Posted by keith1942 on April 28, 2012

Basia and Oscar leads their 'fans'.

This film has ‘been described as a Polish Green Street (2004). The latter is part of the cycle of films that deal with British football hooliganism, though its distinctive feature is the recruitment of the US Elijah Wood into a British gang. In fact the suggestion is somewhat of a misnomer. Whilst Flying Pigs features football and football supporters that is only a plot mechanism [though not quite a MacGuffin]. The film is really about the relationship between two brothers and, as a colleague suggested, is closer to a family melodrama. Judging by the film the Polish fans and hooligans are not as bright as their British counterparts, but they are friendlier. As far as it is possible, the violence is good-natured.

30-year-old Oscar (Pawel Malaszynski) introduces us to the setting, where he is a supporter of the local team, Czarni in the small town of Grozdisk. His brother Mariusz (Piotr Rojuchi) has followed him into the ‘hools’, the hard-line members who support the ardent ‘ultras’: themselves separated from the ‘picnic’, family supporters. Czarni are going through hard times. The film opens with a lost match and then a running street confrontation with both opposing ultras and the riot police. Here were see the parallels with British fans, the battles, the violence and the excitement. As Oskar himself says, it is all about adrenaline.
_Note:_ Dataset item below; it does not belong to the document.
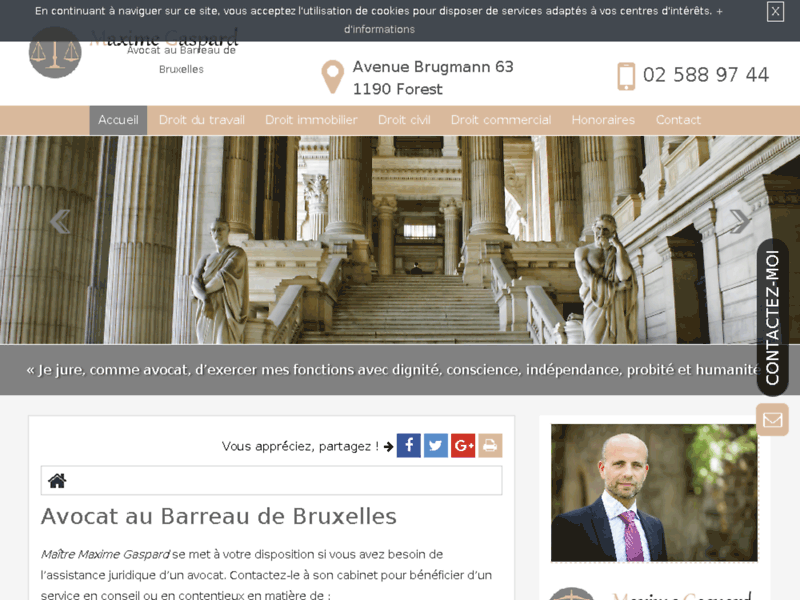 Screenshot du site : Besoin d'un avocat en droit du travail à Bruxelles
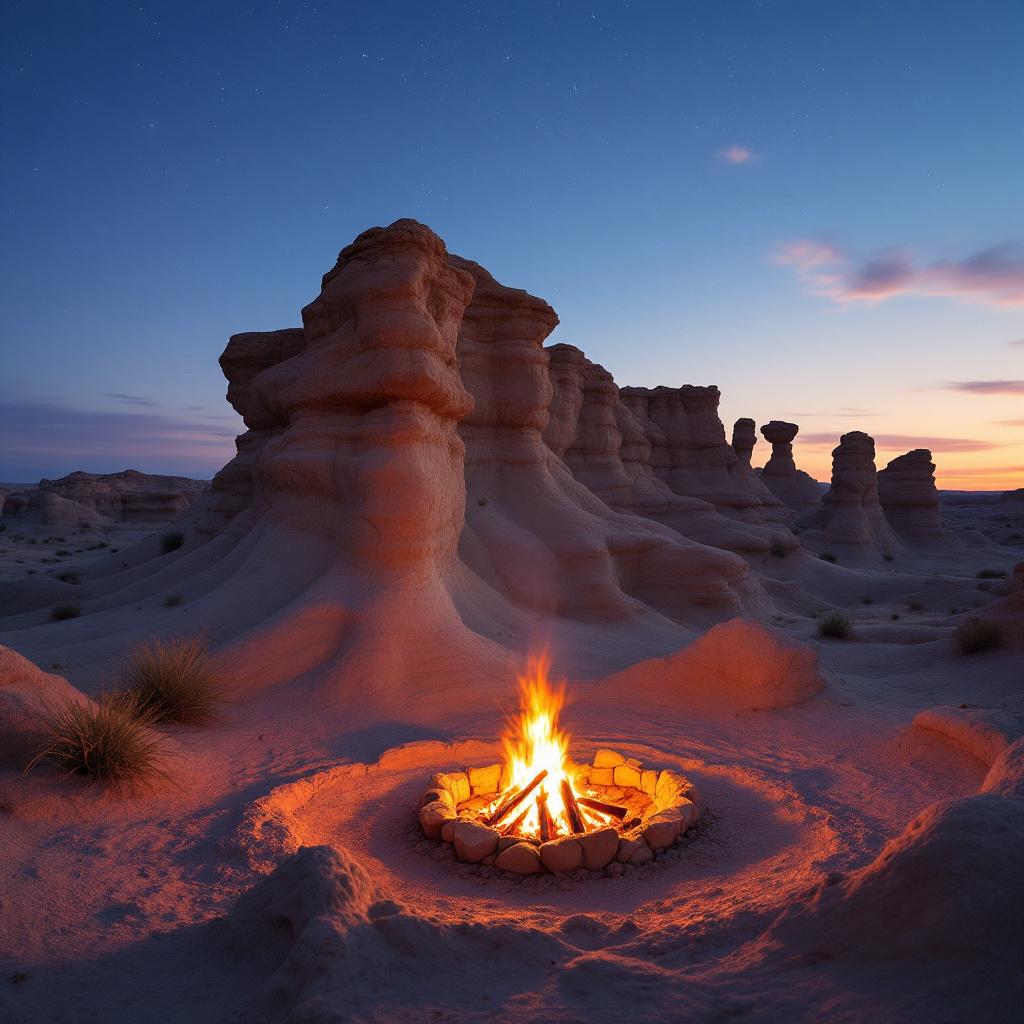 A campfire burns brightly in a desert landscape at dusk, surrounded by unique rock formations.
Oskar’s father is a long-time fan; he manipulated moving his planned wedding day in order to attend a match. Oskar misses his wife’s pregnancy whilst involved in the action. Meanwhile his younger brother’s girlfriend Basia (Olga Boladz) is also an ‘ultra’.

The film’s plot develops when a local industrialist recruits first Basia then Oskar to train his mercenary supporter group for his newly purchased football team. His partner and personnel manager assists him. I kept thinking that there was a murkier motivation to their actions, but if so it never transpired in the film.

Oskar’s and Basia’s carpet-bagging to the new team brings serious conflicts to a head. This is both between Mariusz and Basia and between Oskar and his wife Alina (Karolina Gorczyca). What fan community is about in this film is loyalty and adherence to the code. Breaches of either result in both public shaming and personal crisis.

 

Basia, Osacr and Mariusz with fellow-ultras.

 

The film treats both the relationships and the fan activities with humour. There are some very funny scenes spread throughout the film. And the matches and the actions of the fans do develop genuine excitement. The plotting around the rival teams and the conflicts within the fan group are original. However, the treatment of the personal developments did at time remind me of other films. This was especially true of a sequence when Oskar attempts to placate and reunite with Alina.

This is a very likeable film. And it completely eschews the disturbing undertones, which are found in the British equivalents, like Green Street or The Football Factory (2004). If the ultras loyalty to their group and their team seems juvenile the films suggests that they will, in time, grow out of this.